Thanks in advance for the help and suggestions!

Here is the full error message, if it helps:

---------------------------------------------------------------------------
RuntimeError                              Traceback (most recent call last)
<ipython-input-54-7445a20b3355> in <module>
     51 
     52 # Train the model and generate samples
---> 53 fit = sm.sampling(data=data, iter=100, chains=2, n_jobs=1)
     54 print(fit)

~/Documents/Notebook/env/lib/python3.9/site-packages/pystan/model.py in sampling(self, data, pars, chains, iter, warmup, thin, seed, init, sample_file, diagnostic_file, verbose, algorithm, control, n_jobs, **kwargs)
    811         call_sampler_args = izip(itertools.repeat(data), args_list, itertools.repeat(pars))
    812         call_sampler_star = self.module._call_sampler_star
--> 813         ret_and_samples = _map_parallel(call_sampler_star, call_sampler_args, n_jobs)
    814         samples = [smpl for _, smpl in ret_and_samples]
    815 

~/Documents/Notebook/env/lib/python3.9/site-packages/pystan/model.py in _map_parallel(function, args, n_jobs)
     88             pool.join()
     89     else:
---> 90         map_result = list(map(function, args))
     91     return map_result
     92 

stanfit4anon_model_4b7224b9f462e46cebdf72f52a562750_685902710779344041.pyx in stanfit4anon_model_4b7224b9f462e46cebdf72f52a562750_685902710779344041._call_sampler_star()

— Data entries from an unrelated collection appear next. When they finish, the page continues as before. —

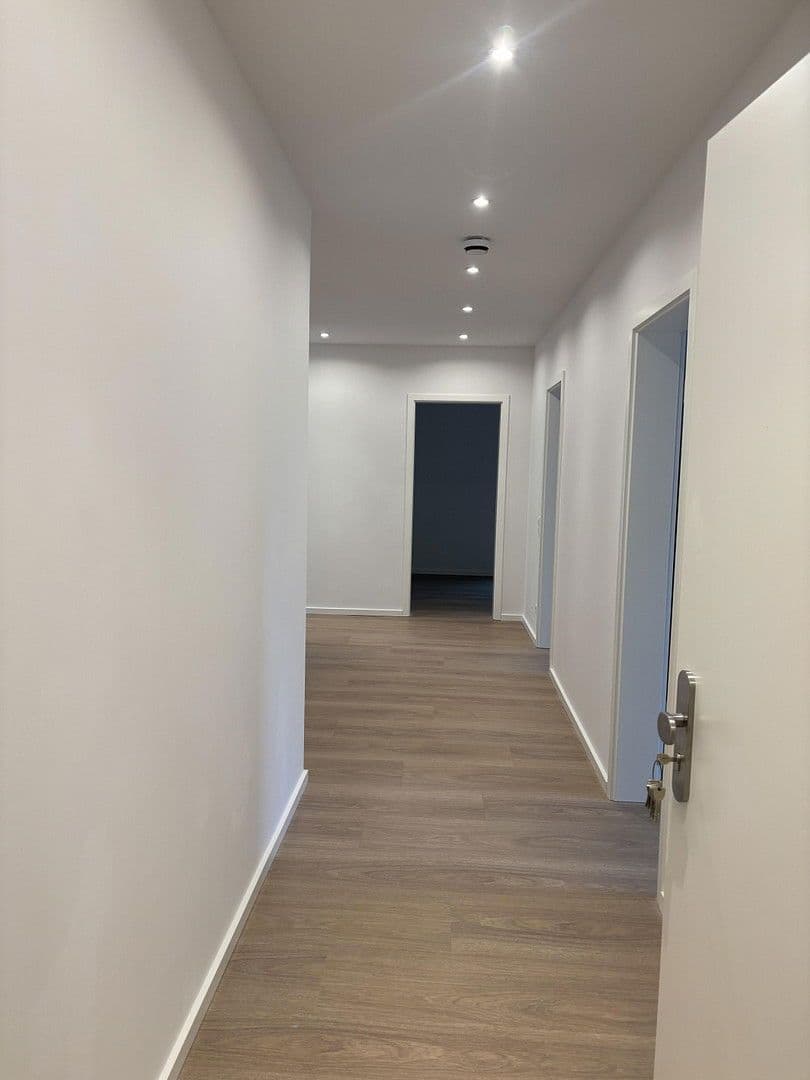 Pronájem bytu 3+1 101 m², Am Kahlenberg 18, Burg (Dithmarschen), Šlesvicko-Holštýnsko Pronájem bytu 3+1 101 m², Am Kahlenberg 18, Burg (Dithmarschen), Šlesvicko-Holštýnsko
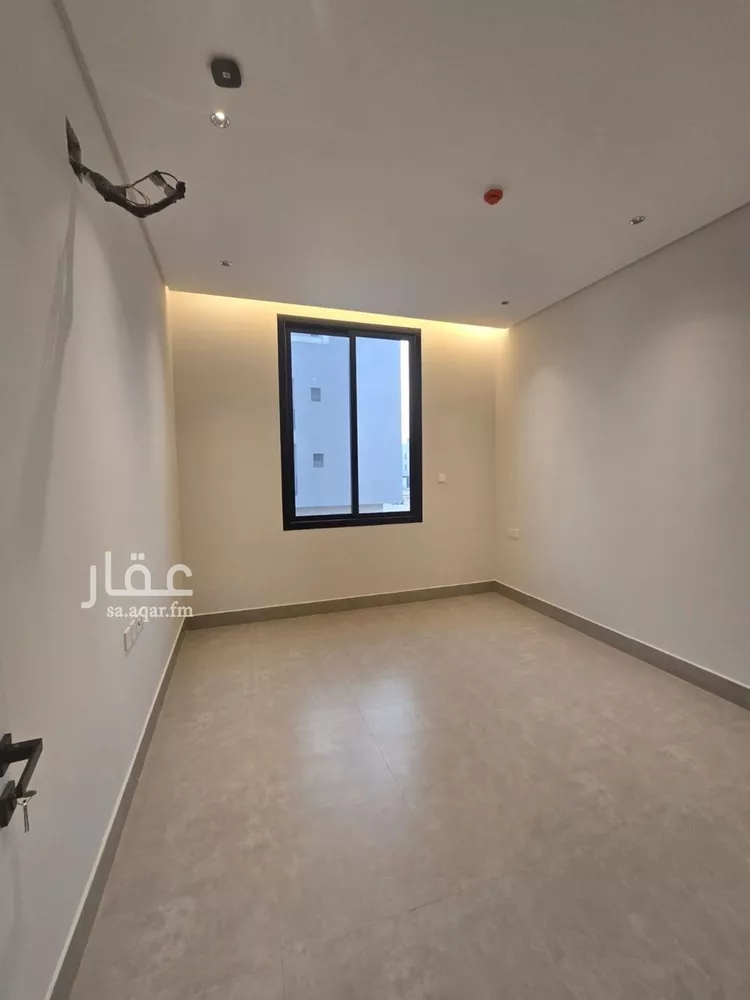 شقة للبيع في شارع عبدالرحمن بن محمد بن مسلمه الانصاري, حي العارض, مدينة الرياض, منطقة الرياض 7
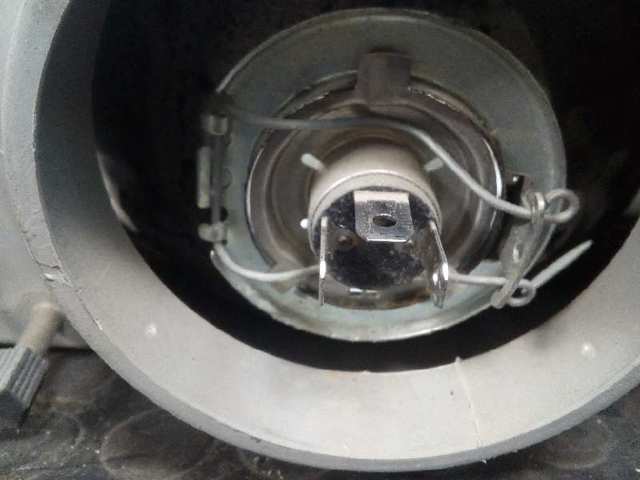 35690748 Faro izquierdo  en stock Sabadell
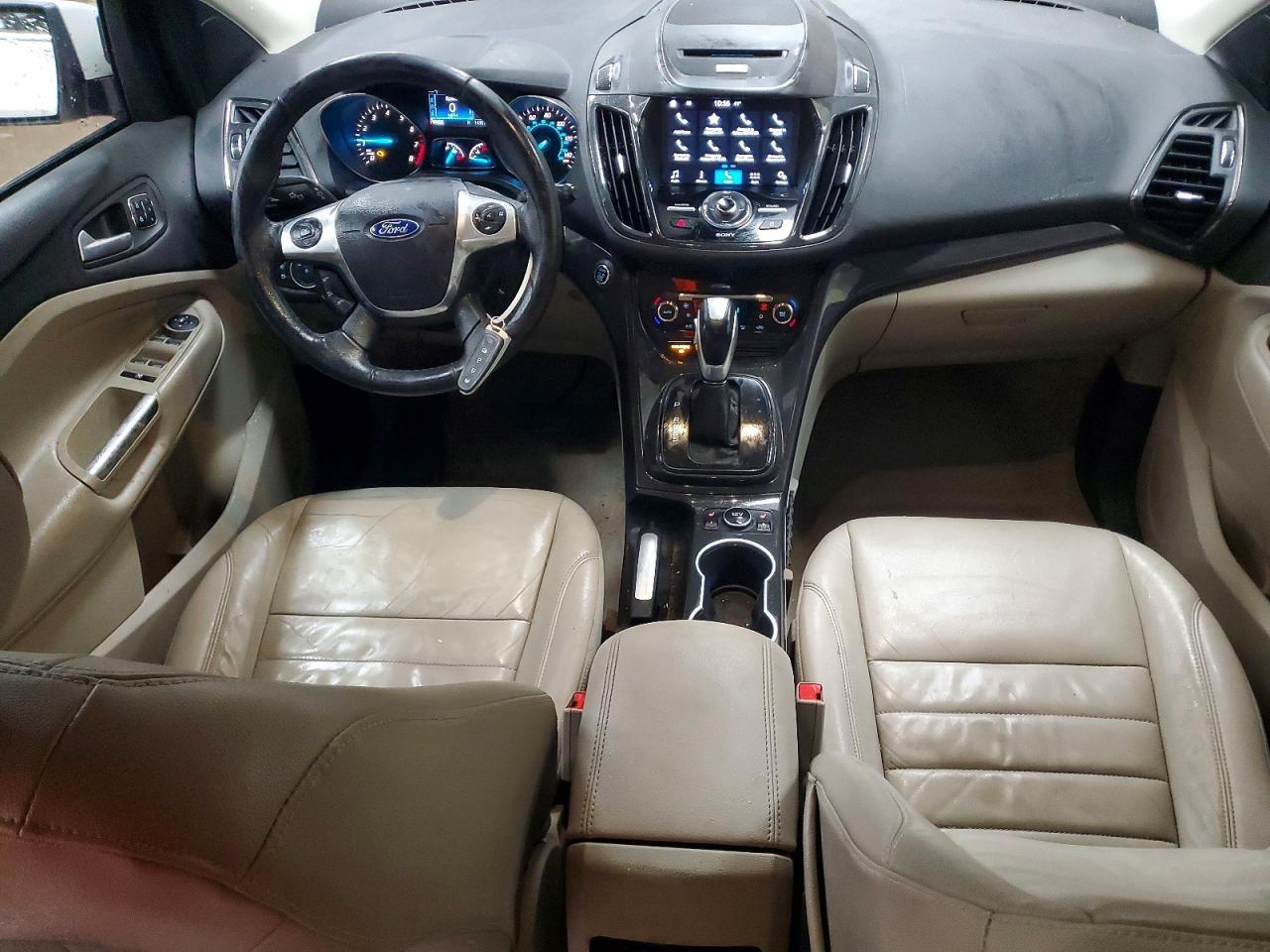 2016 Ford Escape Titanium - zdjęcie 8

stanfit4anon_model_4b7224b9f462e46cebdf72f52a562750_685902710779344041.pyx in stanfit4anon_model_4b7224b9f462e46cebdf72f52a562750_685902710779344041._call_sampler()

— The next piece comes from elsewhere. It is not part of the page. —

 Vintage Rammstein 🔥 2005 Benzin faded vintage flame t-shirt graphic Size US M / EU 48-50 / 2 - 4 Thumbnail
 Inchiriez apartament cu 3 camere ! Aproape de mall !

RuntimeError: Initialization failed.
1 Like

Hm, not sure! try adding print statements to discern which variables are taking unexpected values leading to a NaN or -/+Inf for the target.

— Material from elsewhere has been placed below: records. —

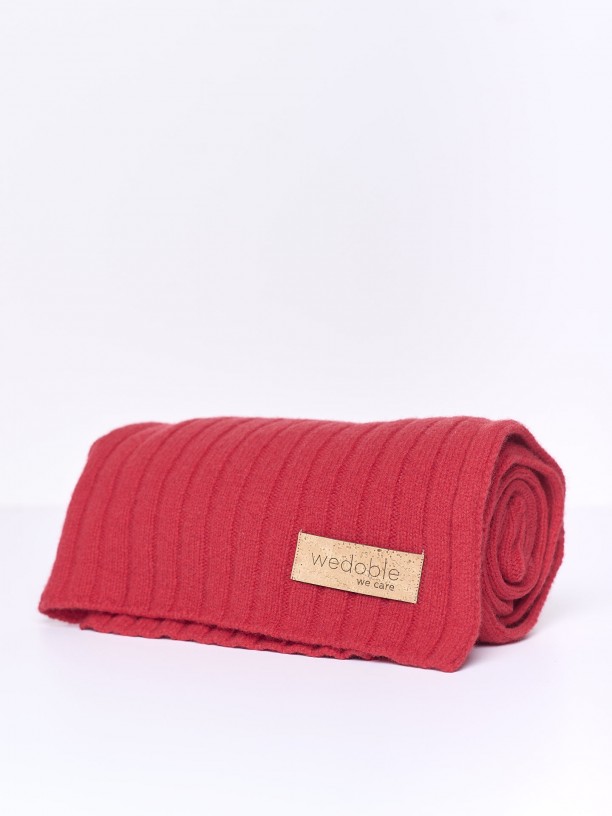 Knitted wool blanket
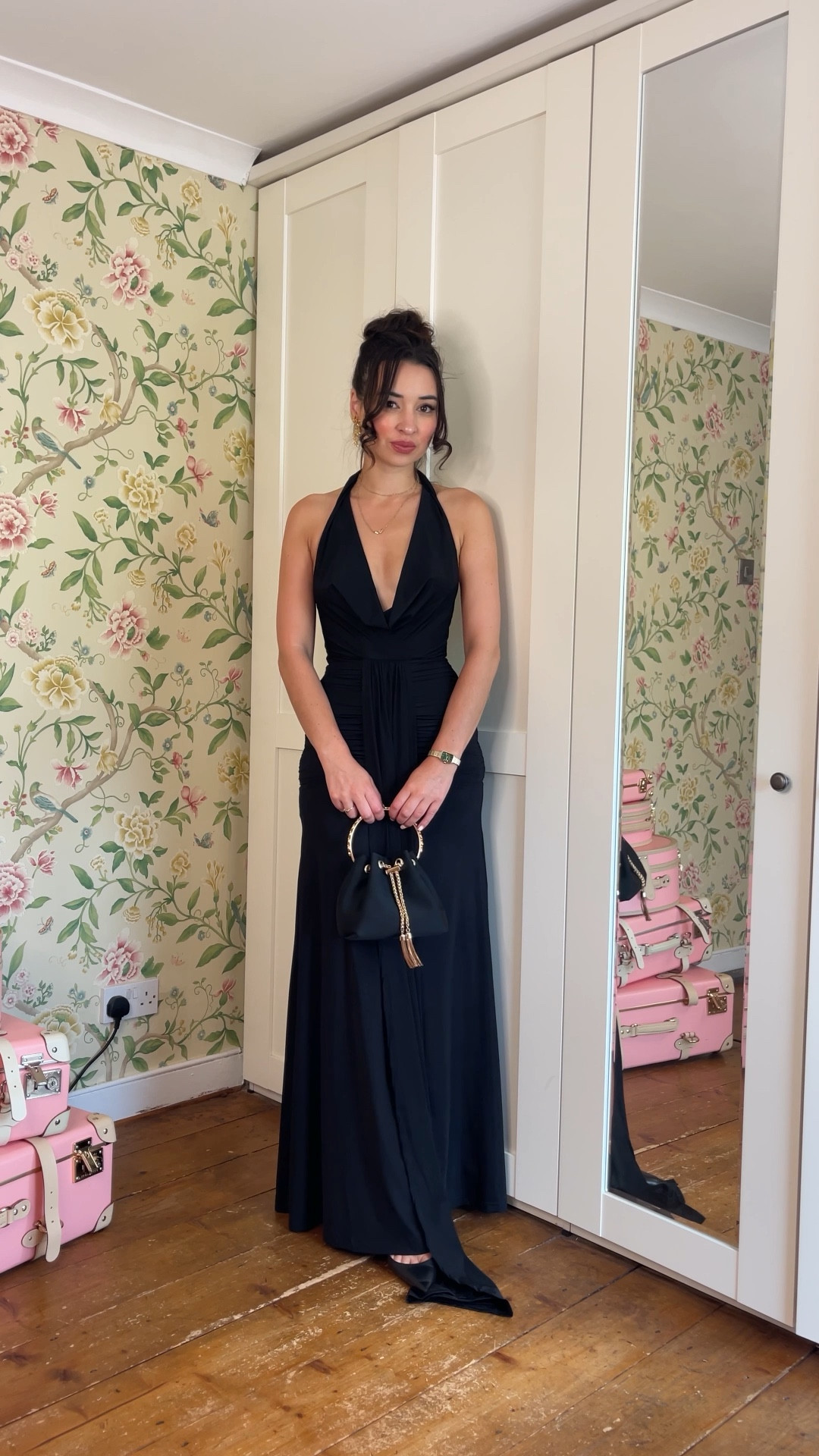 Brb just asking my partner to book us a date night somewhere I can wear this stunning dress 🖤😍 It’s giving serious Bond Girl vibes. What do you think?

Dress ad pr @heiressbeverlyhills 
Bag @debenhams 
Shoes @christianlouboutin 
Watch ad pr @lolarose 
Earrings ad pr @alexmonroejewellery 
Necklace ad pr @juraster.jewellery 

#datenightlook #eveningstyle #glamlook #bondgirlvibes #littleblackdress #elegantstyle #ootdnights #blackdressmoment #classicglam #heiressbeverlyhills #lolarosewatch #alexmonroejewellery #jurasterjewellery #christianlouboutin #debenhamsstyle #styledetails #effortlessglam #timelessfashion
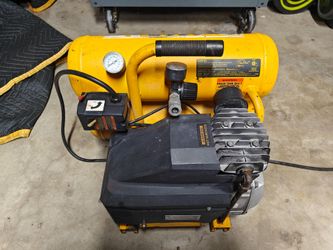 DeWalt 4 Gallon Air Compressor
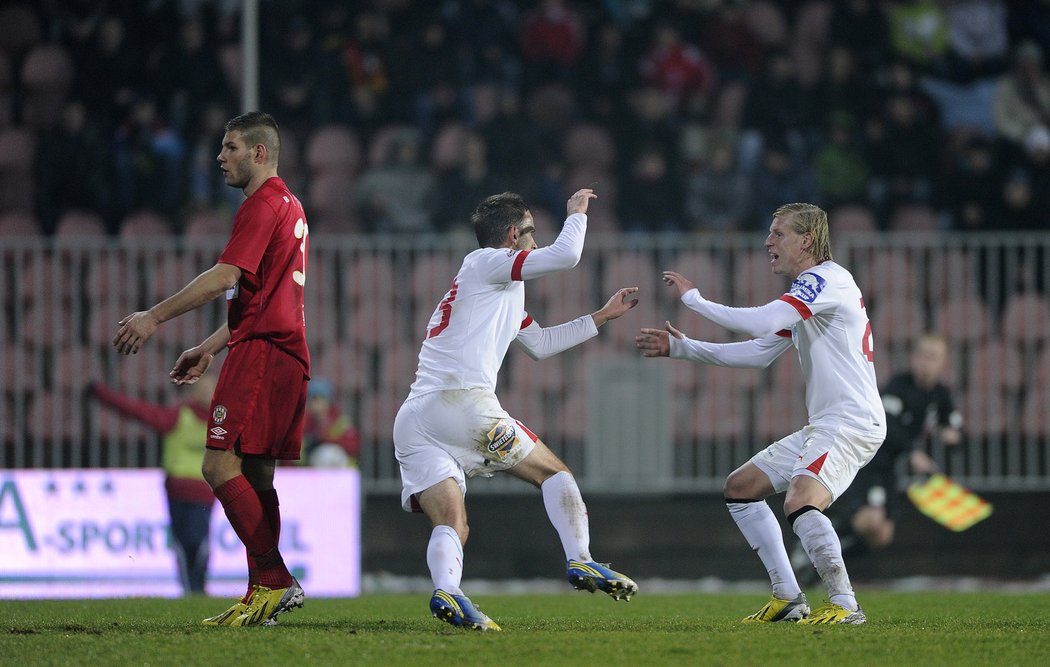 Radost plzeňských střelců Františka Rajtorala a Marka Bakoše. Právě díky trefám těchto dvou fotbalistů slaví Plzeň výhru v ligovém zápase na hřišti Zbrojovky Brno 3:1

The only difference between the TP & model blocks when it comes to declaring/computing variables is that variables in the TP block:

  1. Will be saved to file in the output (model-block-declared variables will not be saved)
  2. Are permitted to have bounds in their declaration, in which case the sampler will throw an error when their computation falls outside the declared bounds. This may not halt the sampler, but will do so if too many samples lead to a TP falling outside its bounds.
1 Like

I haven’t looked closely, but biologically it think you need y0 to be positive, and maybe the growth equation sails off to negative infinity if y0 is negative? Try declaring y0 with the appropriate constraint and see what happens.